══ Data supplied
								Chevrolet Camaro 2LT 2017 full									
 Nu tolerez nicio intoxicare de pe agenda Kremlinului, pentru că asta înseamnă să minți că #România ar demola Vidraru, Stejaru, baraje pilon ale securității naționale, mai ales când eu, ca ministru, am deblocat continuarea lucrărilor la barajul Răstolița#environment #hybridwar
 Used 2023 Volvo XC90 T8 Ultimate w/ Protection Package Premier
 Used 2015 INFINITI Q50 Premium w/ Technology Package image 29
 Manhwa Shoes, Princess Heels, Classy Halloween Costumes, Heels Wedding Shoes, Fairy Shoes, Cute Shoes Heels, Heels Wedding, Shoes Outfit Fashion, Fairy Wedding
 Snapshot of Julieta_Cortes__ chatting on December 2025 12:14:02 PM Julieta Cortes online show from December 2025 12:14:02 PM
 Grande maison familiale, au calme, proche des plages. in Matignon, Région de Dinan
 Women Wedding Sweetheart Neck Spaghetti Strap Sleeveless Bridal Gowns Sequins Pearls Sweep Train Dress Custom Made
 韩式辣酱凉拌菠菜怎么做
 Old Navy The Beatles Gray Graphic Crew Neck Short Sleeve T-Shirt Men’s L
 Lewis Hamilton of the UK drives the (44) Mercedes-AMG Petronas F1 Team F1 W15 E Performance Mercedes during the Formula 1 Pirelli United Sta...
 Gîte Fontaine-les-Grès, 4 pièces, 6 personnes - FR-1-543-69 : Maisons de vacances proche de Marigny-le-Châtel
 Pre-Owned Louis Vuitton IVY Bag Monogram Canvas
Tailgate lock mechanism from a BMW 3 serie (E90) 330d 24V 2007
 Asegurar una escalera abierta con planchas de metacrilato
════
- [What you have to do]: Every line from the one containing "Old Navy The" to the close of the records must be reproduced exactly. Include both ends and nothing more.

- [Expected output]:
 Old Navy The Beatles Gray Graphic Crew Neck Short Sleeve T-Shirt Men’s L
 Lewis Hamilton of the UK drives the (44) Mercedes-AMG Petronas F1 Team F1 W15 E Performance Mercedes during the Formula 1 Pirelli United Sta...
 Gîte Fontaine-les-Grès, 4 pièces, 6 personnes - FR-1-543-69 : Maisons de vacances proche de Marigny-le-Châtel
 Pre-Owned Louis Vuitton IVY Bag Monogram Canvas
Tailgate lock mechanism from a BMW 3 serie (E90) 330d 24V 2007
 Asegurar una escalera abierta con planchas de metacrilato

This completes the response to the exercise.